• AIM OF THE EXERCISE: Would you repeat each line below exactly, without the pictures?

• EXERCISE DATA:
====

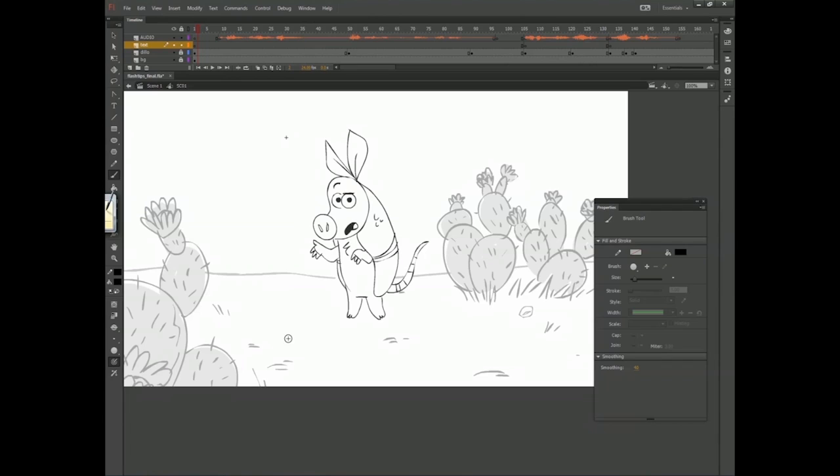As you know, animation is a time-consuming process, so you want to work smart and take advantage of any tool that helps you in speed and efficiency.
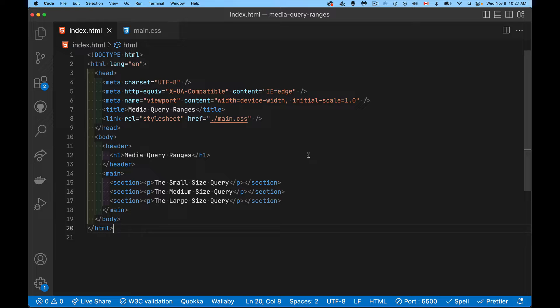All right, so today we're talking about media query ranges. This is a fairly new thing that's been added across all the browsers. It's just a different way that we can write our media queries.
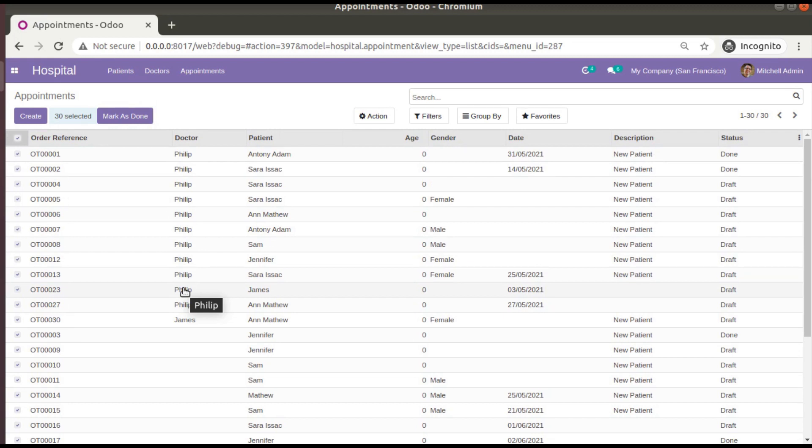Right now we have only 30 records and it can be done in 5 or 10 minutes, but if there are a lot of records it will be a tough task. So let's see how we can enable the mass editing option inside the treeview in Odoo 14.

====

• RESULT OF THIS TASK:
As you know, animation is a time-consuming process, so you want to work smart and take advantage of any tool that helps you in speed and efficiency.
All right, so today we're talking about media query ranges. This is a fairly new thing that's been added across all the browsers. It's just a different way that we can write our media queries.
Right now we have only 30 records and it can be done in 5 or 10 minutes, but if there are a lot of records it will be a tough task. So let's see how we can enable the mass editing option inside the treeview in Odoo 14.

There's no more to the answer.